The game's idiosyncrasies can lead to plenty of talking points, but they also add thrill to the outcome

Sankaran Krishna
17-Jul-2014
For those of us who grew up playing and watching cricket, the game's various eccentricities escape our eyes as they are a part of our normal experience. Something a bit out of the ordinary - living abroad where other sports abound or explaining the game or a controversy in it to a neophyte - throws these eccentricities into sharp relief and forces us to ask ourselves, "Why does it have to be this way?" I would like to explore three such instances.
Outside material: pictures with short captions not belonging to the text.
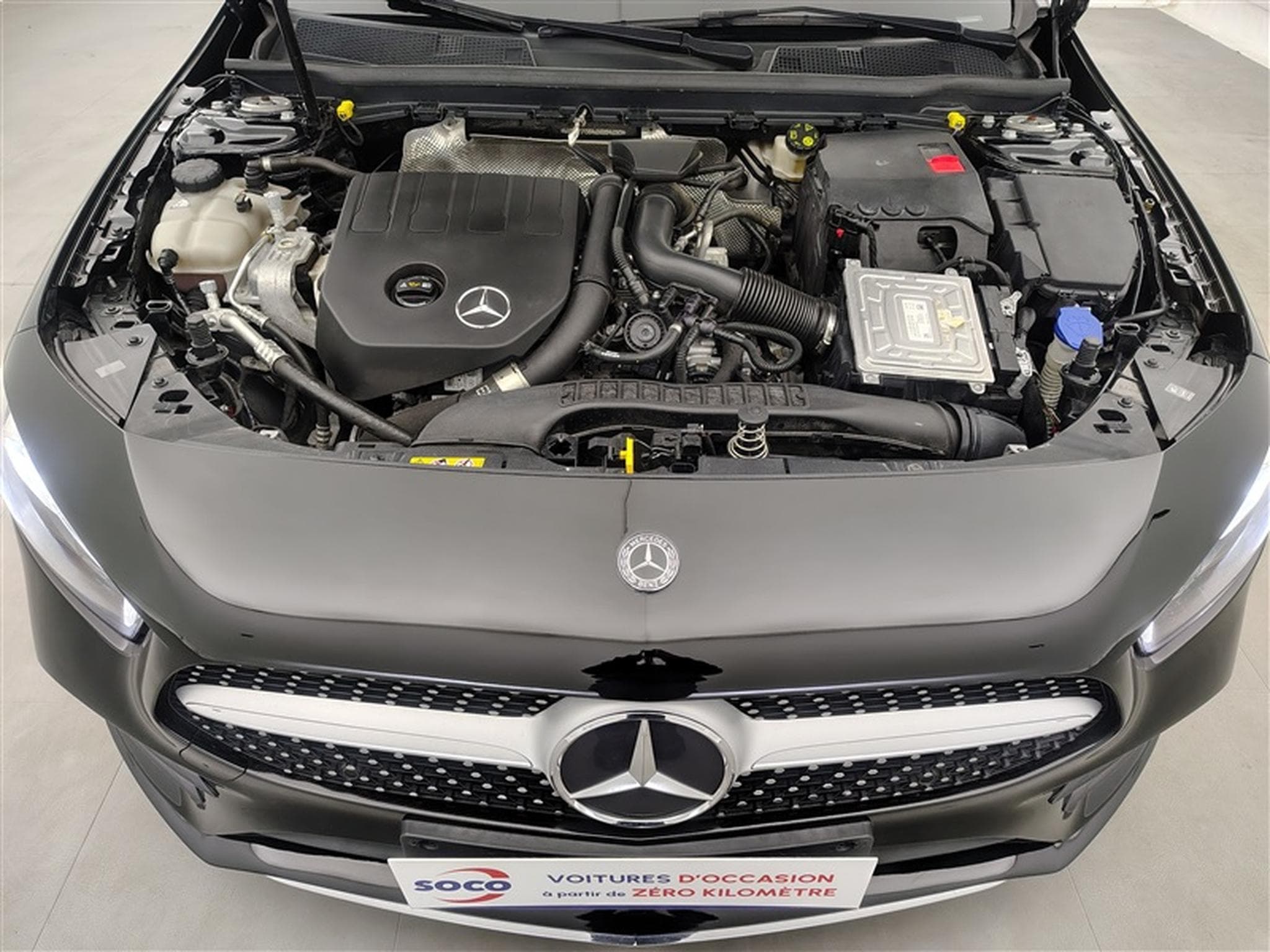 Mercedes A 180 AMG-Line Toit Pano / Navi / Led / ... (2020) - Photo 20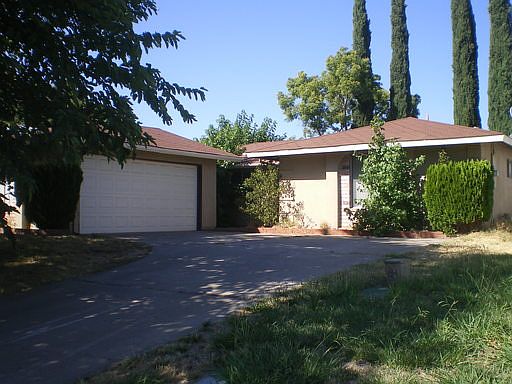 1st image of 5812 Merlindale Dr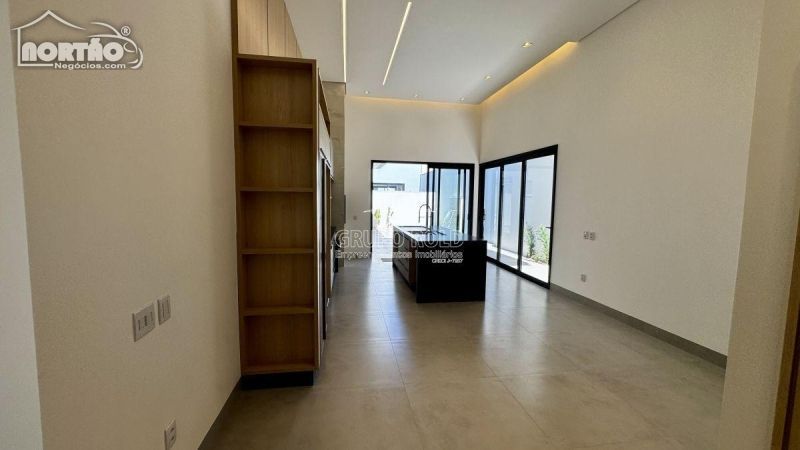 Casa à venda com 4 quartos, 193m² - Foto 5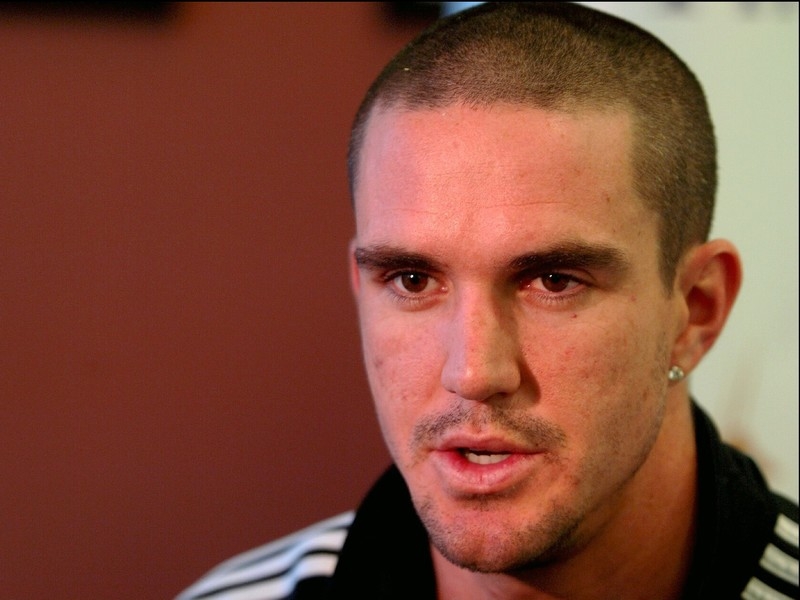 Kevin Pietersen hit an unbeaten 73 as England eased to victory over Pakistan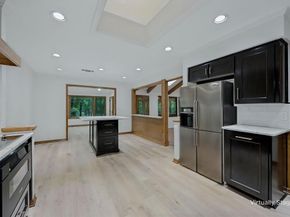 1607 N Main Street , Euless Texas 76039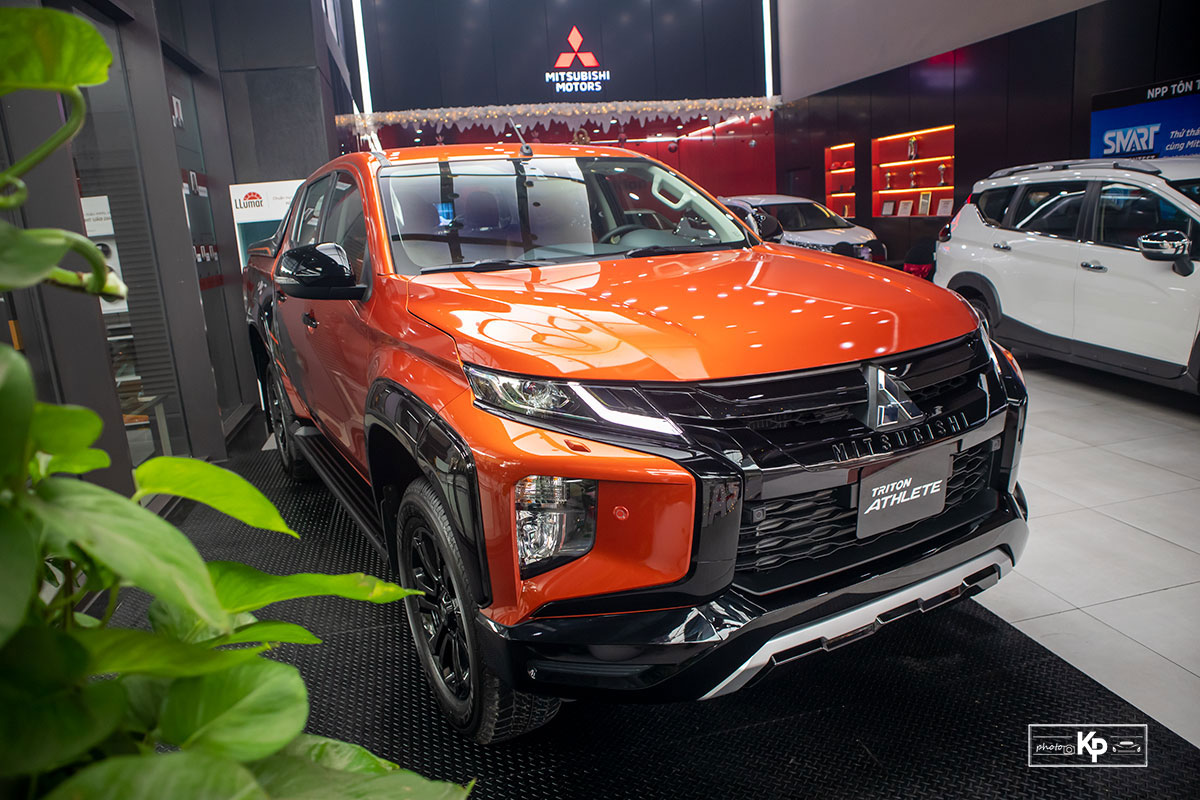 Cận cảnh Mitsubishi Triton Athlete 2022 vừa về đại lý, trẻ trung và cá tính hơn a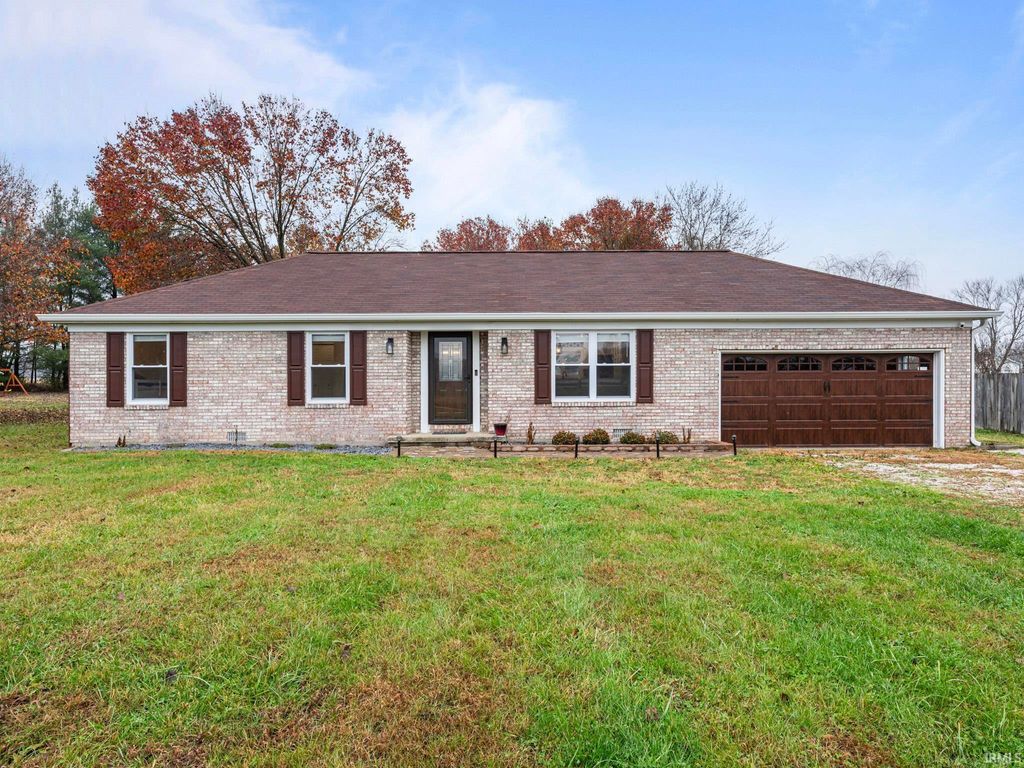1477 Yockey Road, Mitchell, IN 47446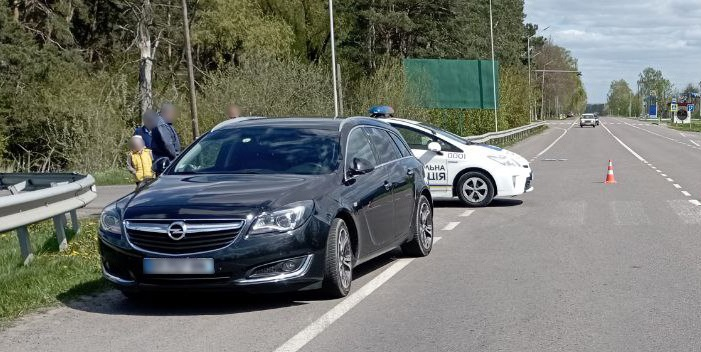У Торчині Opel збив 12-річну дитину (фото, відео)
In the first Test between England and India at Trent Bridge, there occurred a moment which can only be described as bizarre. Bhuvneshwar Kumar and Mohammed Shami had frustrated the English bowlers to distraction and had already put on over 100 runs for the last wicket. It was well into the second day with no breakthrough in sight that Liam Plunkett lumbered in and induced Bhuvneshwar to snick one to the wicketkeeper. Alastair Cook, fielding close to the bat, went up in an animated appeal - but neither Matt Prior nor Plunkett or any of the others nearby joined him with any conviction.
Honestly, they all looked simply too knackered to bother. The umpire seemed doubtful, and then denied the appeal. To anyone watching, it was obvious that the tepid nature of the appeal strongly influenced his decision. Soon enough, though, Hot Spot and the Snickometer showed a clear edge. The batsman had been reprieved because the appeal had not been convincing enough.